Well, maybe you feel convicted. I am. Do you know what you do when you
realize you’ve sinned? Let me tell you what to do. There is such grace in
this. Come right back to where you departed. You confess, which means you
agree with God,
"God, I have missed the mark. I am doing more damage to the body of Christ
than I am building it up and God, I want to stop it."
Secondly, you repent. Now the forgiveness will be there when you confess.
You can appropriate that at that point. Now you must repent.
If you’ve done wrong, if you have been wearing the wrong garment this past
week, if you’ve offended other people and you know by what you have said
that you have hurt them, first of all confess it and make sure you make it
right with them and then repent of it.
A young fellow was in the house with his dad and his family.
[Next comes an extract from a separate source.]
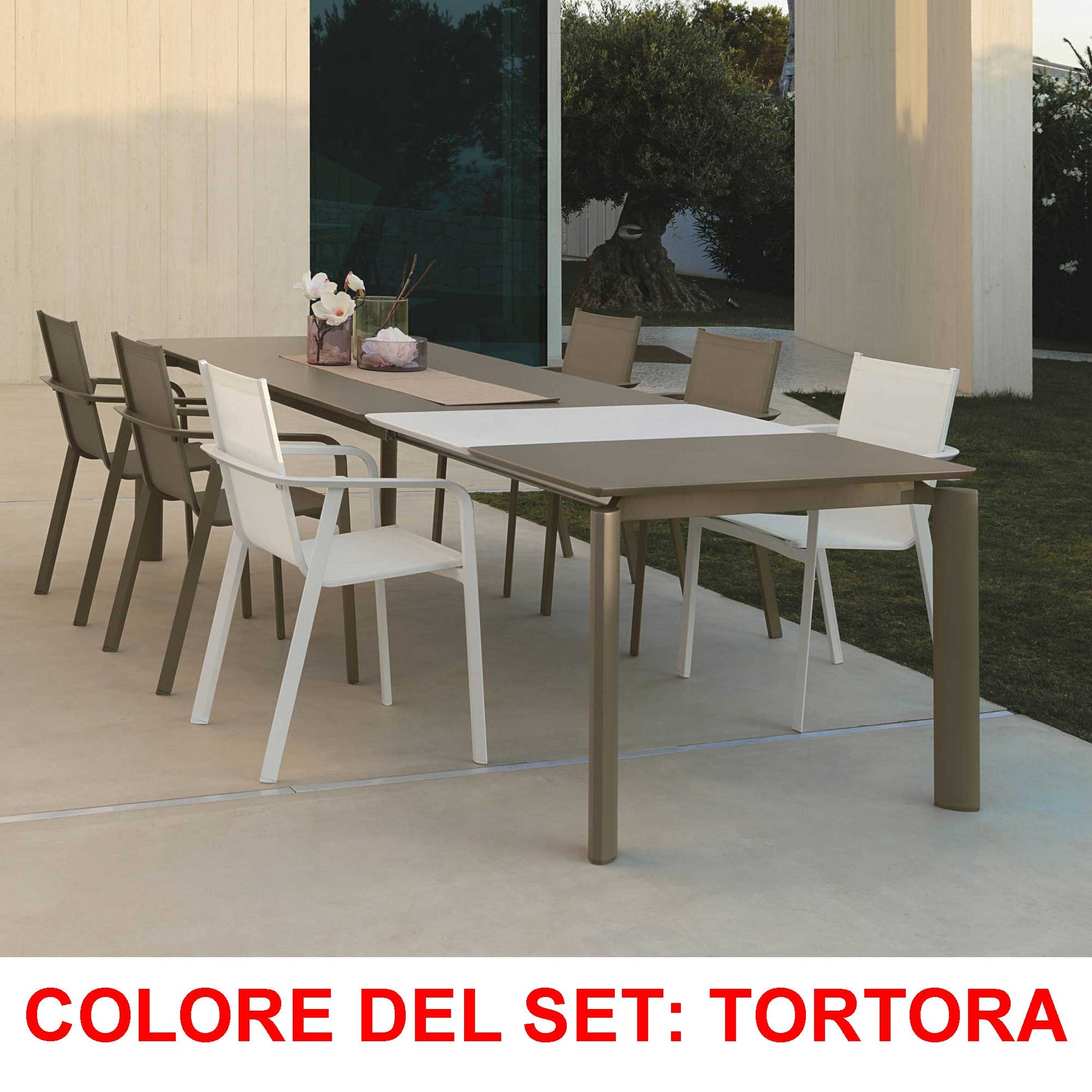 OFFERTA SET DA PRANZO TAVOLO ALL. MILO 160/215X95+ 6 POLTRONE TORTORA MILO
It was warm
inside. Outside it was below zero, the wind blowing, snow stacking up. It
was awful outside. Inside it was a warm house, insulated, fire in the
fireplace. You can just get the picture. A ball game on television. Carpet
on the floor. You could smell the bread cooking in the kitchen. Supper was
about ready. It was just where you want to be. The boy was sitting there
enjoying it, and the father looked over at him and said,
"Hey listen, son, put another log on the fire."
The son jumped up and said,
"I am 18 years old and I’m sick and tired of being told what to do when I
am in this house. I am leaving, and you can have it. You do it yourself.
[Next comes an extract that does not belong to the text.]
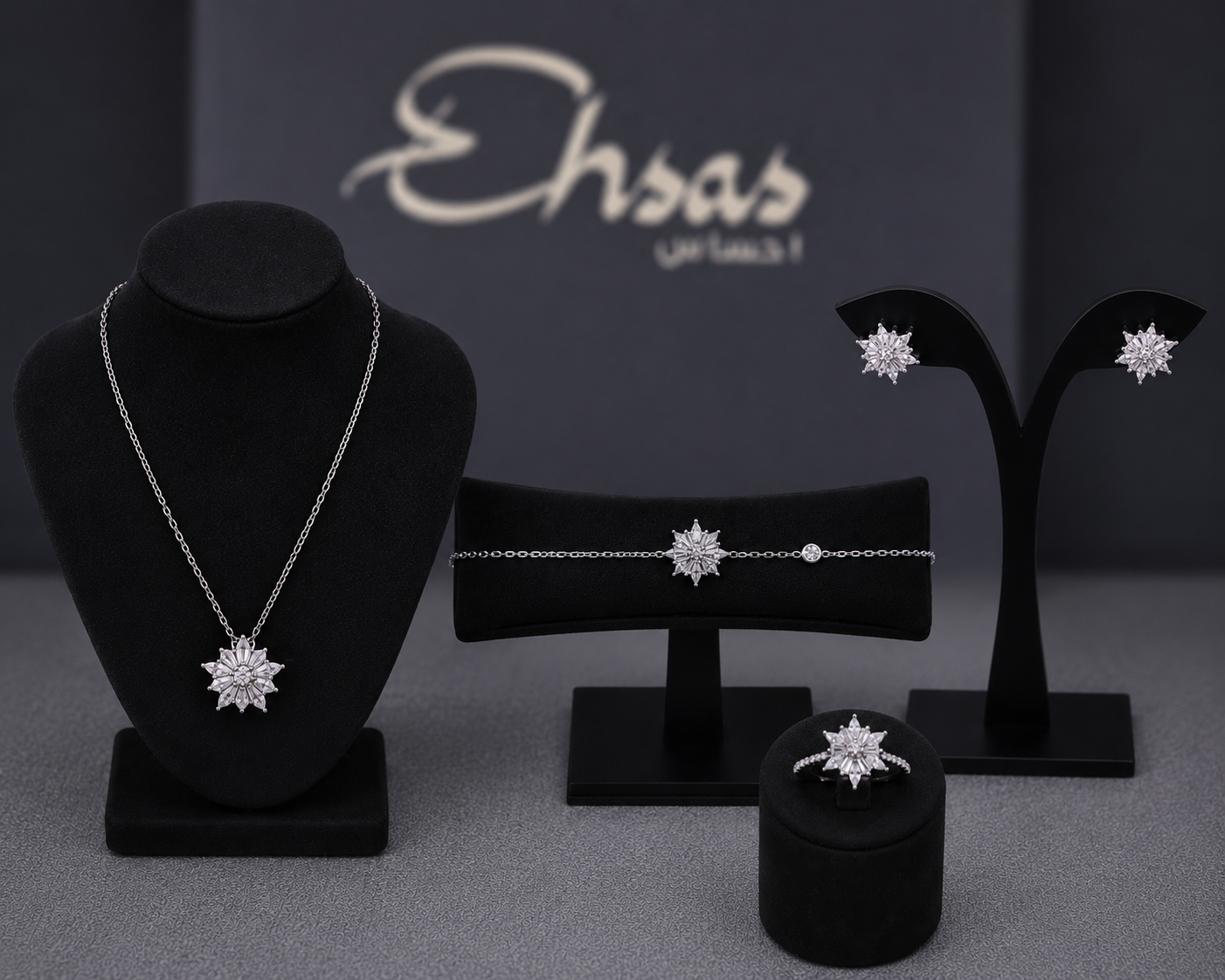 Snowflake Jewelry Set with Brilliant Sunburst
If you want a log on the fire, put it on yourself."
He went upstairs, got a duffle bag, put his clothes in it and walked out
of that house. He walked about a block. The wind was picking up. The chill
factor now below zero. The wind was burning his face it was blowing so
hard. He was cold and thinking to himself,
"You know, I was just inside that house and it was warm. I was about ready
to eat, and it was wonderful fellowship. This is sort of stupid."
He finally decides to go back. So he walks back to the house kind of
sheepishly and knocked on the door. The father opened the door and said,
"Hey, son. Good to see you. Been gone 30 minutes. I thought you were
leaving for a while. Good to see you. Come on in. Take your stuff
upstairs, unpack and come on down and watch the ball game with me."
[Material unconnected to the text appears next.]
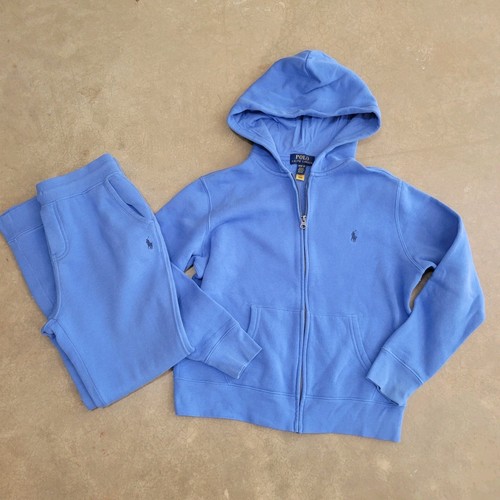 Set Polo Ralph Lauren Sweatshirt Youth Boy 10/12 M Full Zip Blue Hood & Jogger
He went downstairs and sat in the chair. Boy, he was glad to be home! This
is where he belongs. While he was sitting there, the father looked over at
him and said, "Oh, by the way, put another log on the fire."
Folks, you can confess until you fall over in the floor and you will never
have that new garment on until you put another log on the fire and go back
and repent of what you didn’t do before. If you are not going to obey,
forget what you’ve heard. You are going to wear that old garment and you
are going to be miserable. We will have to put a tag on you because Paul
says mark those who cause division. The people who cause division are
people who won’t wear the new garment. People who wear the new garment
preserve the unity of the Spirit in the bonds of peace.